___ DATASET EXTRACT ___

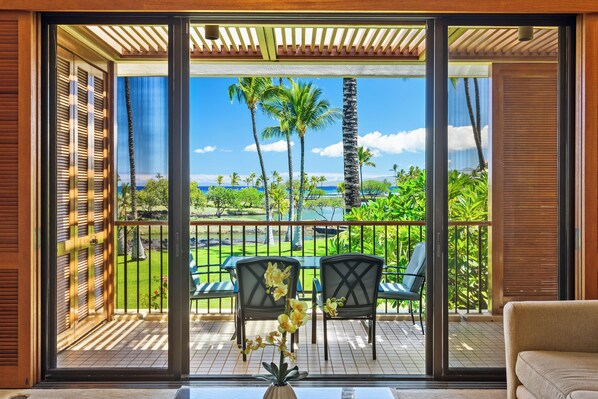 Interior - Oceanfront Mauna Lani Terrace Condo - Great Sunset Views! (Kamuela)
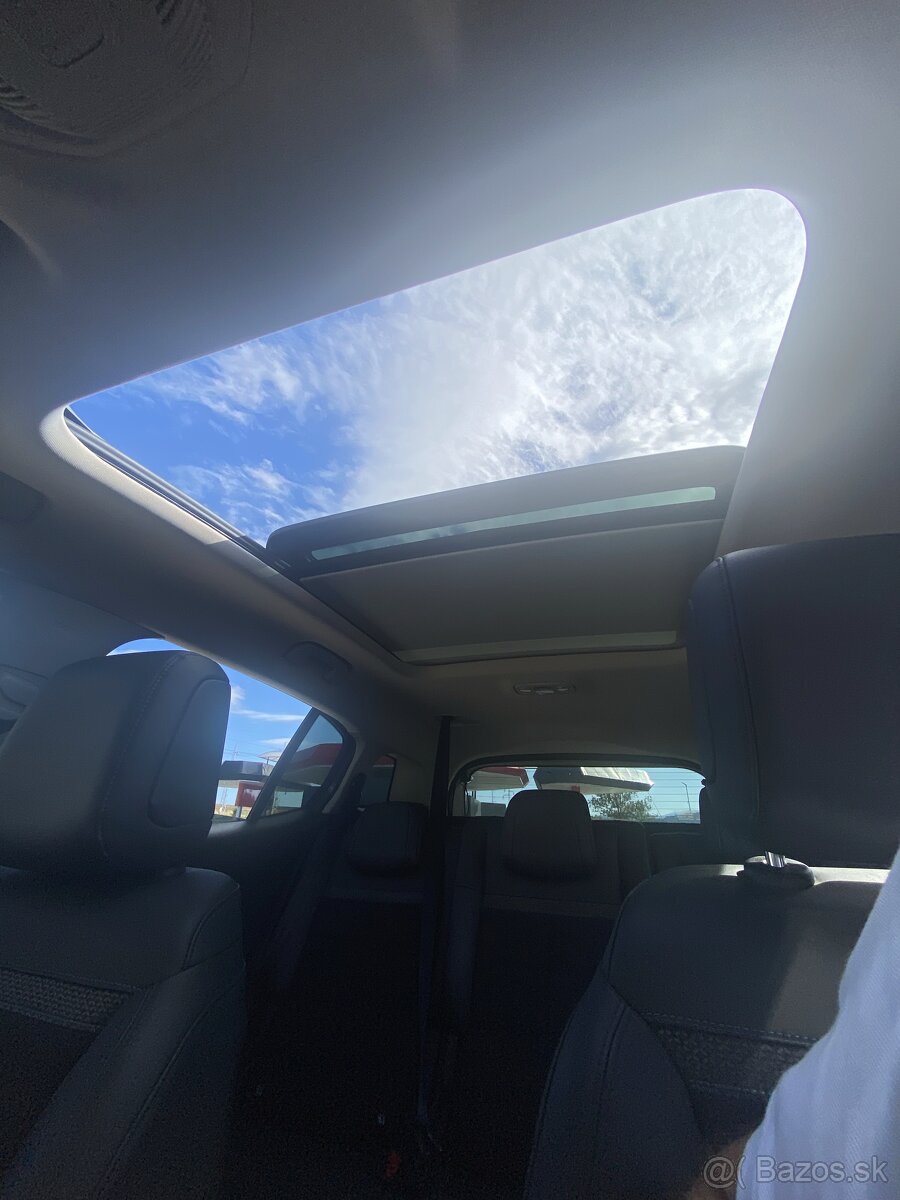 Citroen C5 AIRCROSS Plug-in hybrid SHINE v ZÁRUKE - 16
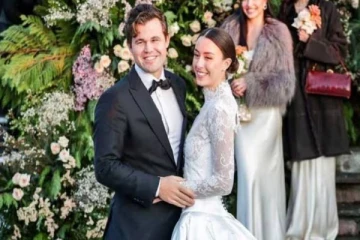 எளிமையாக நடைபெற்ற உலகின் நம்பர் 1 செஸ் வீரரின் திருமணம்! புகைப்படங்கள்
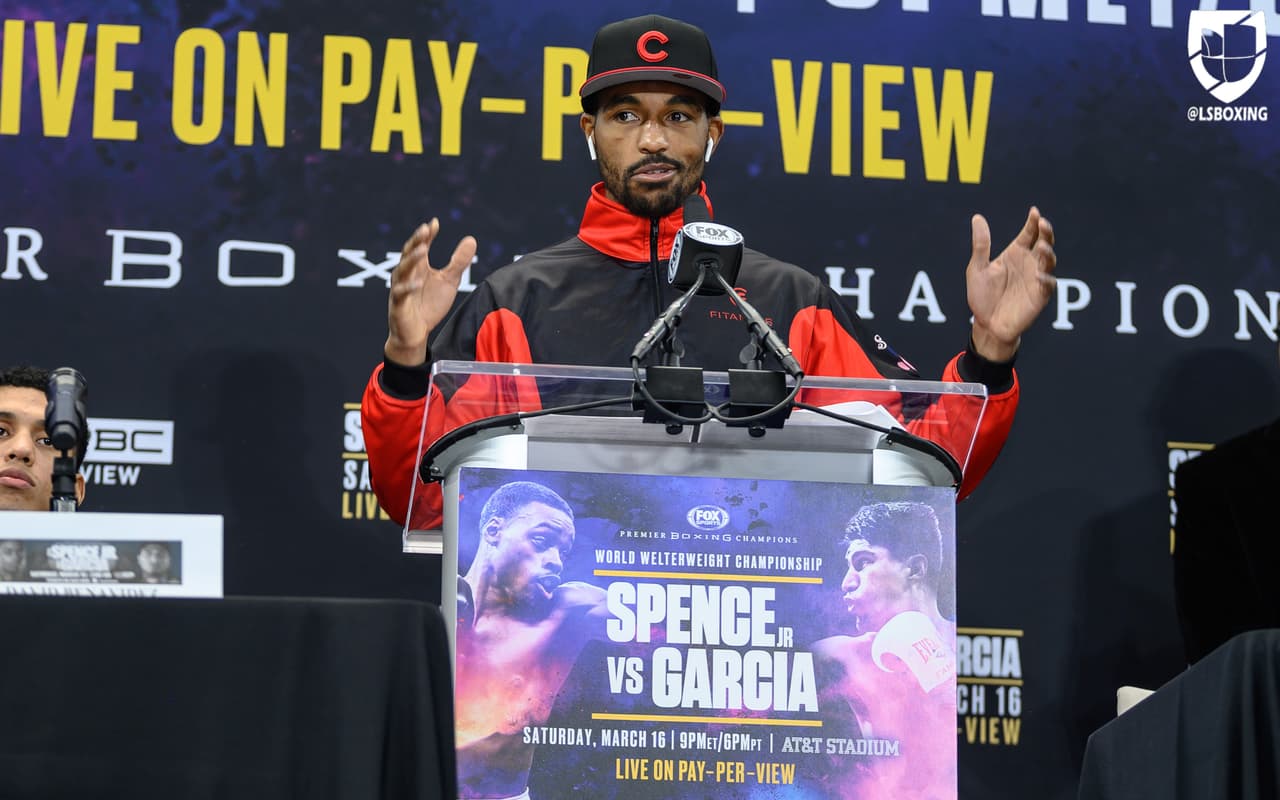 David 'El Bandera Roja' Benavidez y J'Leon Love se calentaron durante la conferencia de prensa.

___

Repeat the whole listing above word for word, but keep any picture out of it.

 Interior - Oceanfront Mauna Lani Terrace Condo - Great Sunset Views! (Kamuela)
 Citroen C5 AIRCROSS Plug-in hybrid SHINE v ZÁRUKE - 16
 எளிமையாக நடைபெற்ற உலகின் நம்பர் 1 செஸ் வீரரின் திருமணம்! புகைப்படங்கள்
 David 'El Bandera Roja' Benavidez y J'Leon Love se calentaron durante la conferencia de prensa.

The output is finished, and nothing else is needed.